» **ASSIGNMENT**:
Copied exactly and without pictures, the lines from the beginning of the entries through the one that holds "82 - A Chinese" should form the entire reply.

» **EXCERPTED RECORDS**:
-.-.-

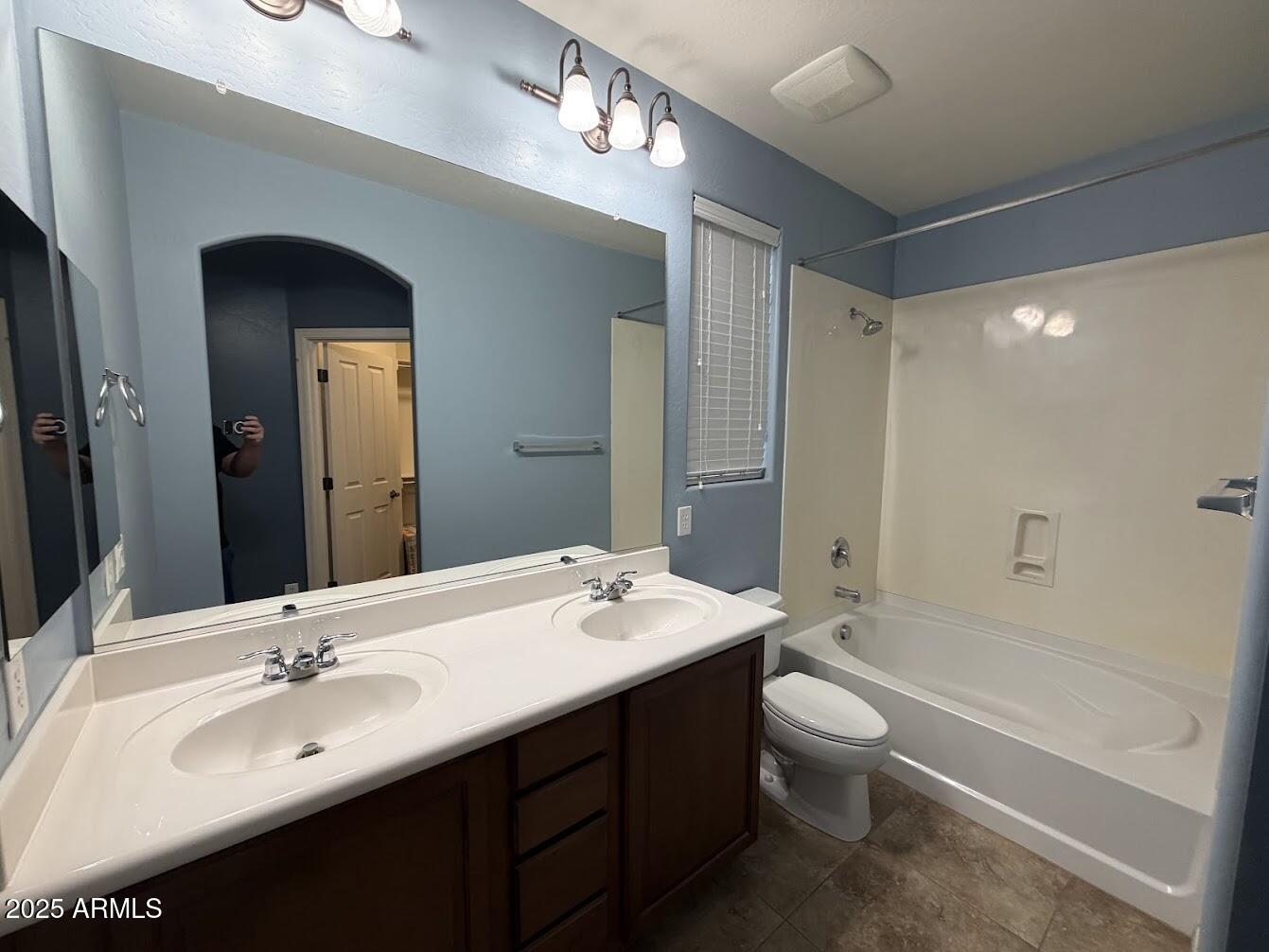 3349 East Cheyenne Street Gilbert, AZ 85296 - Photo 15 of 18 a bathroom with a double vanity sink toilet mirror and bathtub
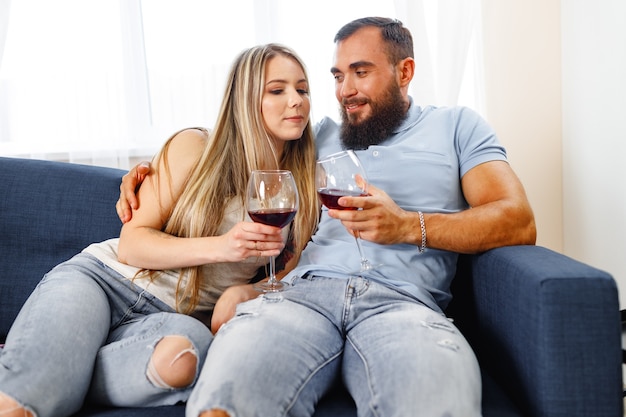 Couple sitting on sofa at home and drinking wine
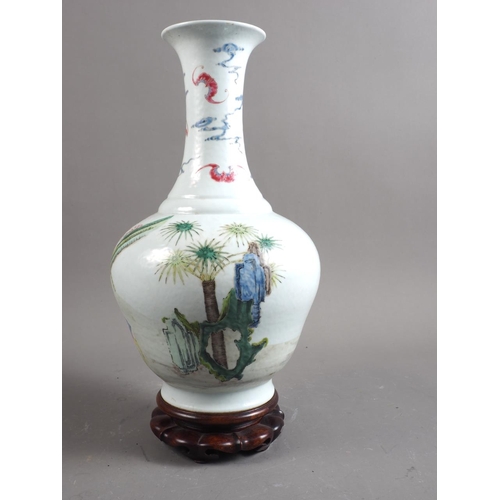 82 - A Chinese porcelain famille rose bulbous vase, decorated figure and Kylin with bats and clouds, seal... 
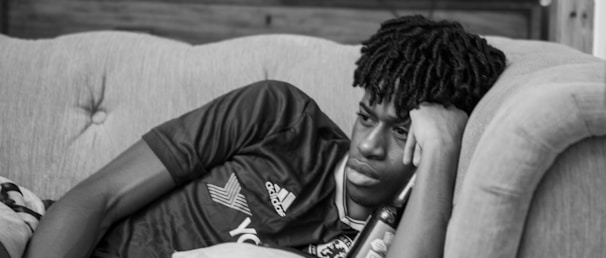 A thoughtful person lying on a couch during a psychoanalysis session.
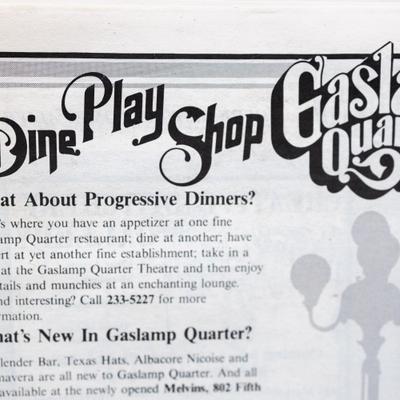 A newspaper clipping featuring text with a headline 'Dine, Play, Shop'
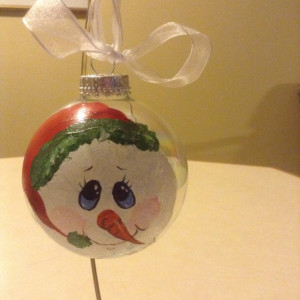 Handpainted snowmen ornaments with beautiful detailed faces and coordinating ribbon hangers.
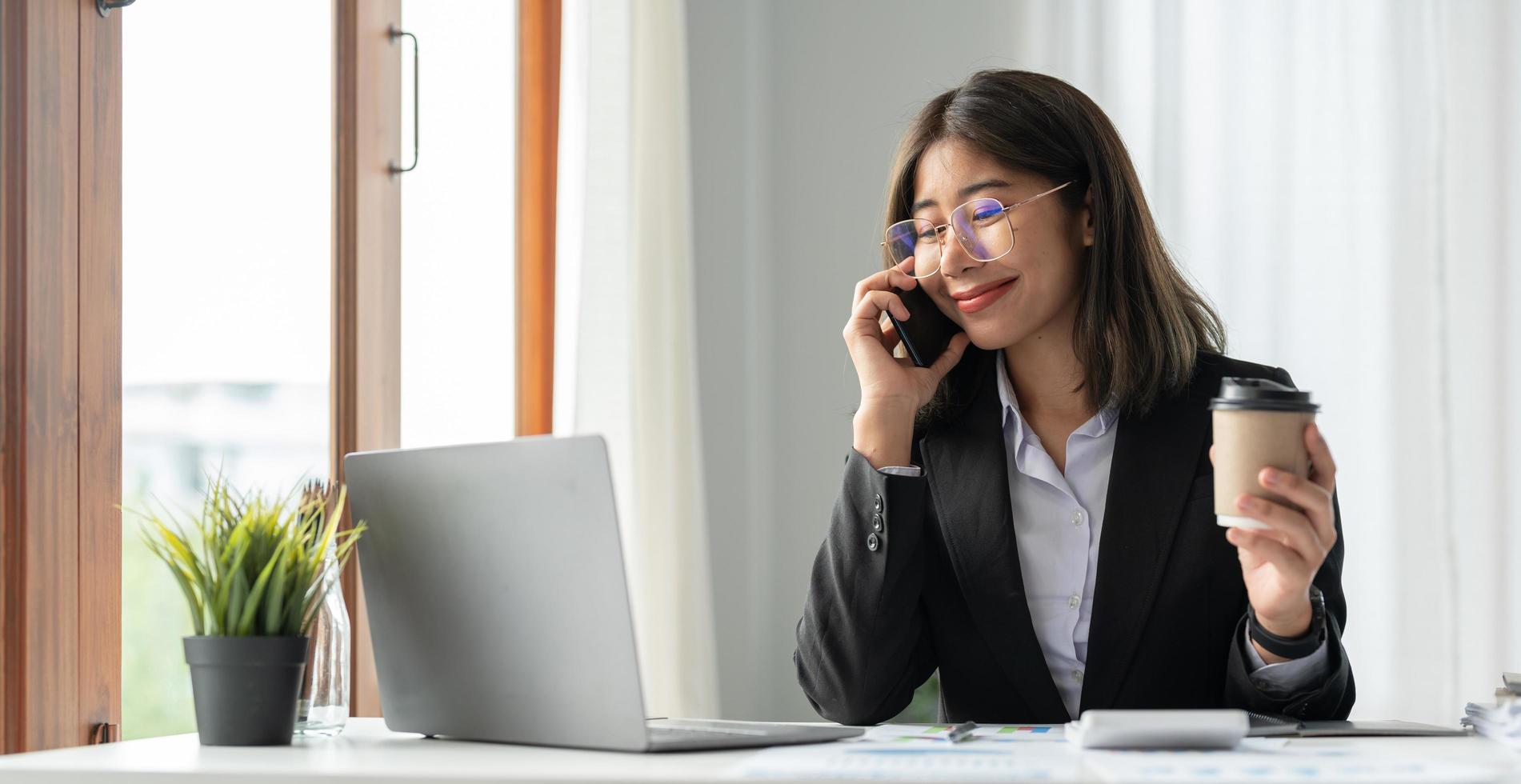 jonge accountant met smartphone om marketingadviseurs te bellen en laptopcomputer te gebruiken om de verkoopgroei op de wereldwijde werkplekmarkt te analyseren. boekhoudconcept foto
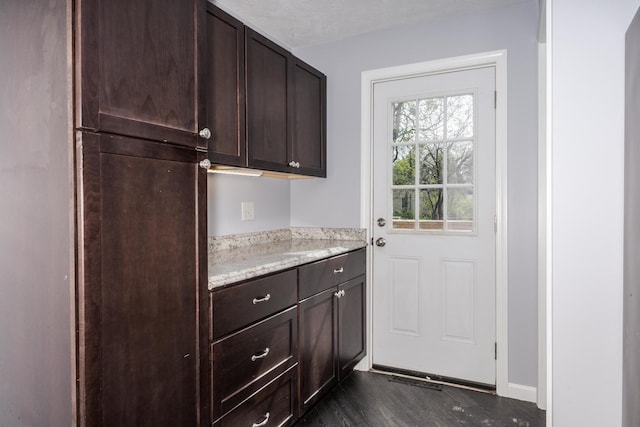 interior space featuring baseboards and dark wood-style floors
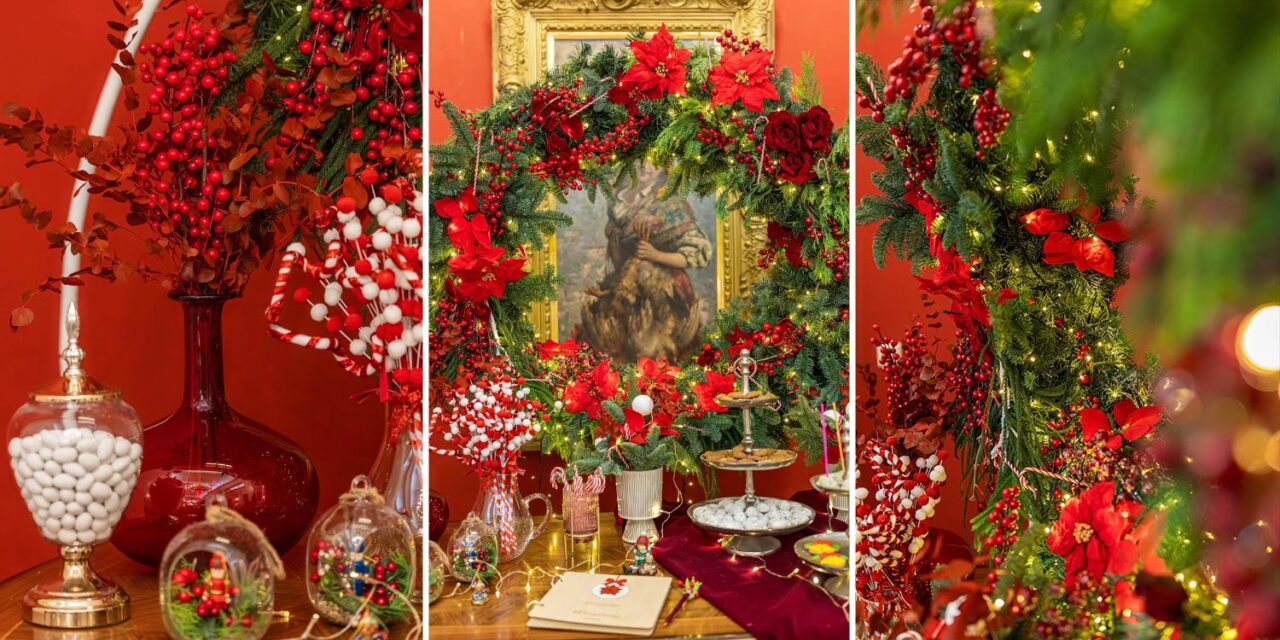 Rogdaki Events presents a stunning dessert table with wreaths, poinsettias, and red holiday decor for a Christmas baptism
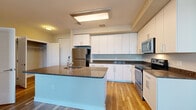 Located at 7800 Harkins Rd in Lanham, MD, this efficiently designed unit offers a thoughtful layout across a single floor. The kitchen serves as the heart of the space, showcasing white shaker-style cabinetry extending to the ceiling for generous storage, dark granite-style countertops, and a full suite of stainless steel appliances including a refrigerator, electric range, and over-the-range microwave. A central kitchen island with an undermount sink and matching countertop provides additional prep space and casual dining potential. Light wood-look flooring flows seamlessly from the kitchen into the open living area, which is filled with natural light from a wide bank of windows overlooking the surrounding neighborhood. The neutral warm-toned walls and clean white trim create a bright, cohesive ambiance throughout. A walk-in closet offers excellent storage capacity, outfitted with multi-tier wire shelving and hanging rods along two walls. The bathroom features large-format tile flooring, a soaking tub with tiled surround, and clean, minimalist fixtures. The overall design is modern and functional, making efficient use of every square foot.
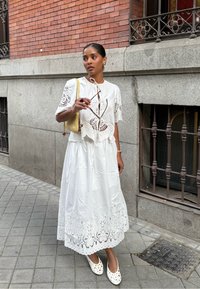 Donna in abito di pizzo bianco e ballerine che tiene occhiali da sole e una borsa gialla a spalla, in piedi su un marciapiede piastrellato vicino a un edificio in mattoni e pietra.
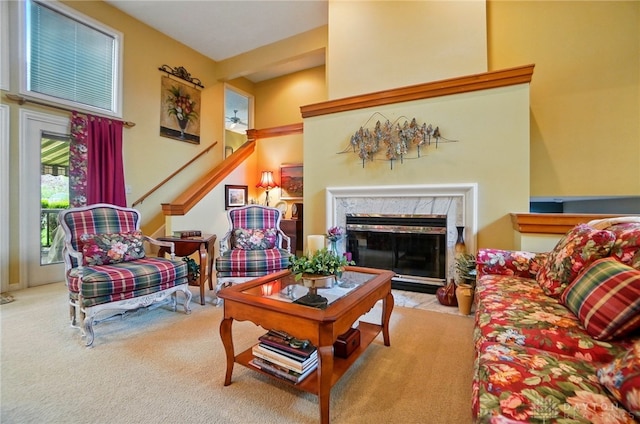 living area with stairway, a premium fireplace, and carpet flooring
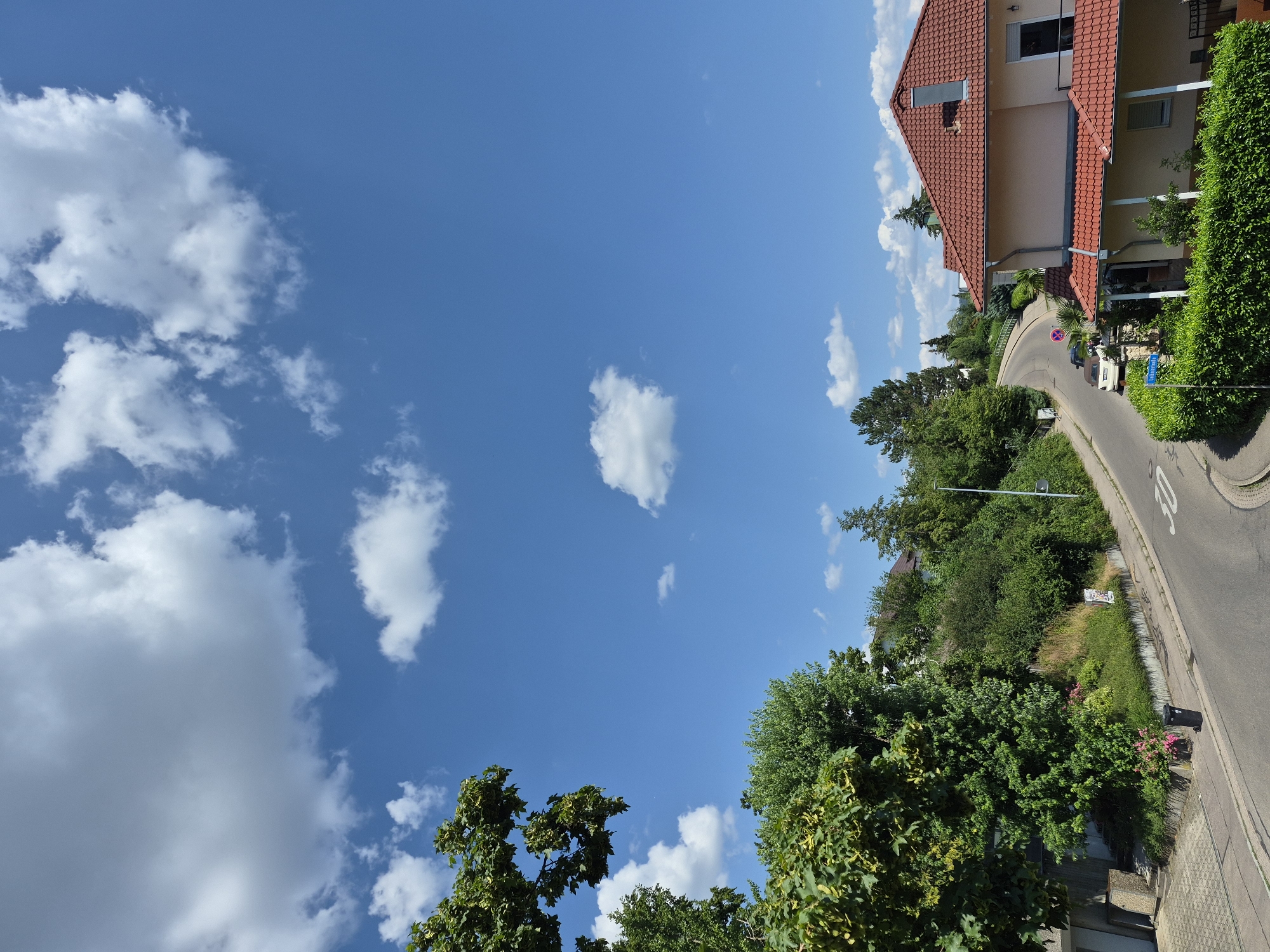 The image shows a residential street scene under a bright blue sky dotted with fluffy white clouds. The perspective is from a high vantage point, looking down a curved road lined with lush green trees and shrubs. On the right side of the road, a house with a red tiled roof and beige exterior is visible, with a neatly trimmed hedge bordering its property.
A white car is parked on the side of the road, and a street sign is visible. The road itself has markings, including a "30" indicating a speed limit. The overall impression is one of a peaceful, suburban setting on a clear, sunny day, likely in the late morning or early afternoon given the bright light. The greenery suggests a temperate climate. There are no people visible in the image. The scene evokes a sense of calm and everyday life.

-.-.-

» **WORKED SOLUTION**:
 3349 East Cheyenne Street Gilbert, AZ 85296 - Photo 15 of 18 a bathroom with a double vanity sink toilet mirror and bathtub
 Couple sitting on sofa at home and drinking wine
 82 - A Chinese porcelain famille rose bulbous vase, decorated figure and Kylin with bats and clouds, seal... 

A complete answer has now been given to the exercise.